Big Ten Opener: MSU vs. Iowa

It's time to kick off another year of Big Ten basketball, but this time around, Tom Izzo doesn't have a big three player trio leading the way. Meanwhile, the Hawkeyes Adam Haluska is a potent scoring threat for Iowa.

EAST LANSING - It's time to kick off another year of Big Ten basketball, but this time around, Tom Izzo doesn't have a big three player trio leading the way.

Instead, Izzo's team has looked like a one-player team many times this season, riding junior guard Drew Neitzel to victory.

There is a lot of room for improvement with this year's Spartans, who have no seniors on the squad.

Although the team has several flaws, such as turnovers and three-point shooting defense, Izzo's team sits in a good position to make some noise in conference play.

Michigan State's defense is getting back to a traditional Tom Izzo team, ranking second in the Big Ten in scoring defense (54.9 PPG), first in rebounding defense (28.7 RPG), and second in blocked shots (5.8 BPG).

Izzo has the luxury of having two hot big-men right now in Goran Suton and Marquise Gray.

Suton is coming off a career-high 27 points against Loyola (MD) and Gray tallied a double-double in the same game.

These big-guys, along with Idong Ibok and Drew Naymick are collectively grabbing rebounds on both sides of the court and have the Spartans ranking at the top of the Big Ten in defensive rebounds per game (25.6 RPG).
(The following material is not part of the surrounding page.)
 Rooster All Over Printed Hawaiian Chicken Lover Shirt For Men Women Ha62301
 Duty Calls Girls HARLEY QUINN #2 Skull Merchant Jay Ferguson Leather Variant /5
Izzo has done a good job rotating the four guys down low during non-conference play and their subbing should increase during conference play in order to stay fresh.

These four guys will be key indicators of how the Spartans will fare in Big Ten play, as MSU is 13-1 this season when they have out rebounded their opponent. Their only loss came at Boston College where they lost the battle on the boards 37-36.

The fact remains, on paper, the Spartans are a 13-2 team whose only two losses came to two very good teams, but at the same time struggled in games against weaker opponents such as Chicago State and Belmont.

So many might be wondering if the Spartans even have a chance against the Big Ten's elite, such as Ohio State, Wisconsin, and always a Spartan killer, Illinois.

In a complex and extended answer, the Spartans have a great chance at competing for a Big Ten title.

Granted many things have to fall in place. It is certain that Izzo has had his team doing extra drills in practice over the holidays on holding on to the ball.

The Spartans need to show toughness and emotion out on that court and chase after every loose ball like it meant the game.

Eating up every rebound on the glass is crucial for success against bigger teams, like Greg Oden at Ohio State,

While Izzo had plenty of offense on last year's team, they seemed to forget how to play defense at times and play one-dimensional basketball.

One year later and about to start another quest for that Big Ten conference title, the first regular season title since 2000, Izzo has a great mix of young players that play strong and hard on both ends of the court.

Izzo's past teams have made noise by surprising people not only in the Big Ten but in the national media.

There is a reason that Michigan State has made four Final Fours in the last eight years and it is a good bet that Tom Izzo will have his team prepared to play on Thursday in Michigan State's Big Ten opener at Iowa, because of that reason.

Overall, the defense is there, the shooters are there, and now it is time to see if this Spartan team can pull together and play with the passion and determination it takes to win a Big Ten title.